"I'm thinking about gardening as a radical political act," said Fritz Haeg, 34, an architect who teaches in the environmental design program at the Art Center College of Design in Pasadena, Calif. "It means completely questioning the way we live, the way we get our food, the way we use and abuse natural resources, the way we occupy public space." Mr. Haeg plays host at a monthly salon that draws a young, flamboyant crowd. Events are themed — "avant-garde knitting" was a recent topic.
While gardening has yet to reach critical mass among this group, it is beginning to make an impact. Peter Bosselmann, chairman of landscape architecture and environmental planning at the University of California, Berkeley, said he has seen a bit of a shift among applicants for the graduate program over the last four years. Traditionally, students came with experience in horticulture, but now, Mr. Bosselmann said, they increasingly have art-related backgrounds.
"It's pretty clear that young people are decidedly interested in or concerned about the landscape," he said. "Most perceive it as chaotic or in need of care and health, in need of introducing ecological principles, in need of being more artful, more structured."
Ms. Drennon, 27, who calls herself "a typical L.A. indie walking stereotype" complete with art degree and tattoos, said her gardening habit began with "a pot of rosemary on a windowsill."
"Everything just sort of rolled from there," she said. Lured by a 2,000-square-foot yard, she moved from a funky Koreatown loft to leafier Venice. She also joined You Grow Girl, an online gardening site that says it "speaks to a new kind of gardener." The site, at www.yougrowgirl.com, is the brainchild of Gayla Sanders, 30, a graphic designer in Toronto, who started it out of frustration with other online gardening communities. To her, they all seemed aimed at an older suburban audience, with a significantly higher disposable income.
"There definitely is this stigma that gardening is something that women who are housewives do, or something that only goes on in the country," Ms. Drennon said.
On an April morning, seed packets spilled across her 40's-diner-style kitchen table. The seeds, for flowers and vegetables with names like papaya pear hybrid squash and Flaro-French flageolet, were booty from a seed swap organized by You Grow Girl. She said that members send around a big box of seeds they aren't going to use. Each takes what she wants, adds her own leftovers and mails the box to the next person on the list. "It's like Secret Santa in April," Ms. Drennon said."
Have you planted a garden? What are you growing to eat?

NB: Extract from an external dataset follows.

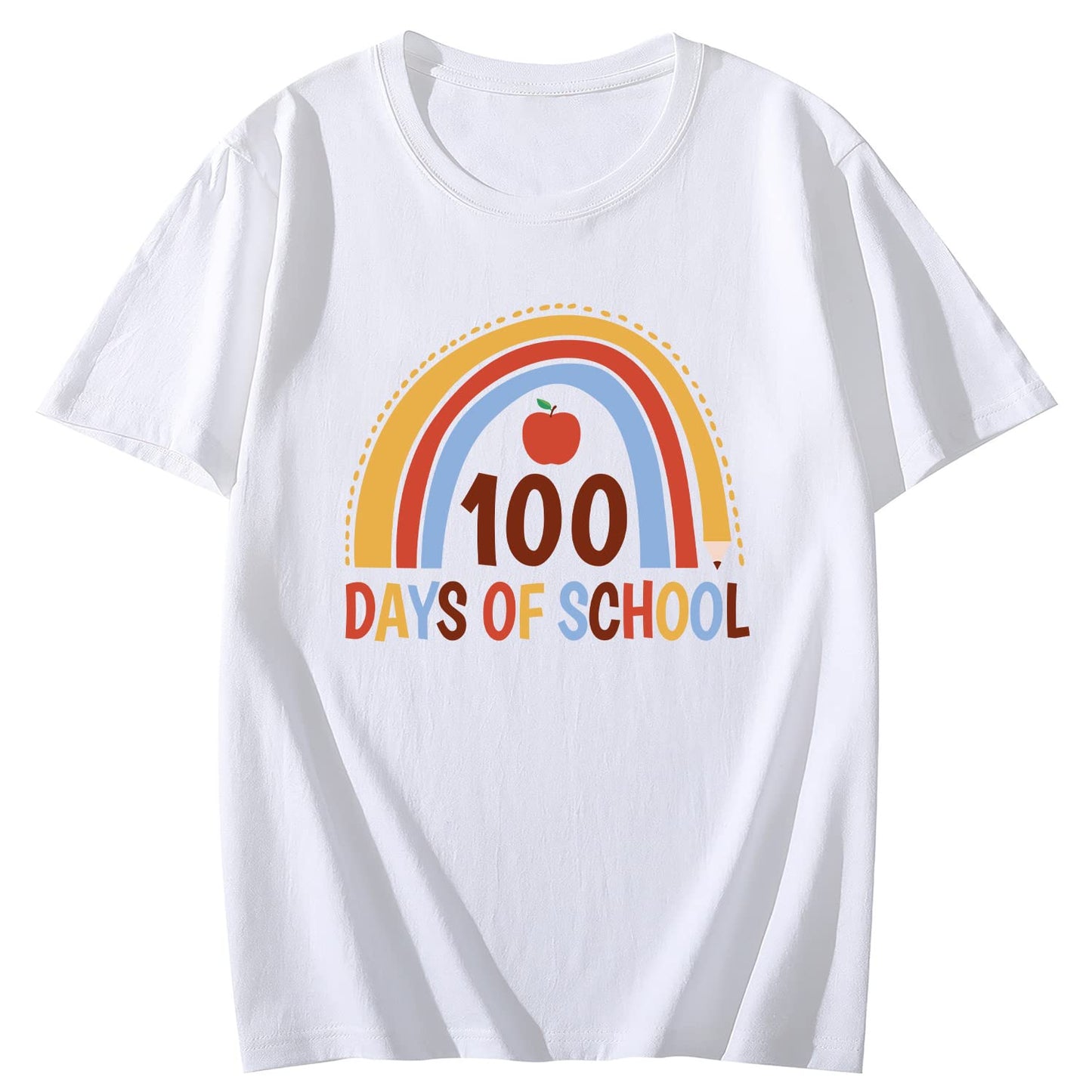 Women's 100 Days of School Love Round Neck Short Sleeve T-Shirt Top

I've just taken over the garden of my parents. They have tomatoes, onions, cucumber and basil growing. Do you have an idea what to grow there else?
Ken
Posted by: Gardening aid | April 20, 2006 at 07:21 AM
im growing cauliflower in supermarket bags. i have planted four such bags and all of em have flowered. remains to be seen how big they can grow altho it was a joy when it dawned "now this is how a cauliflower grows!". until then i was like the kid that thought milk came from milk bottles.
ive grown spinach, peas, basil as well.
cucumber, tomatoes, spring onions are growing too.
my aim is to do as much growing as possible in plastic bags and seed compost. i plant to make my own compost soon. i use coffee grounds as fertilizer.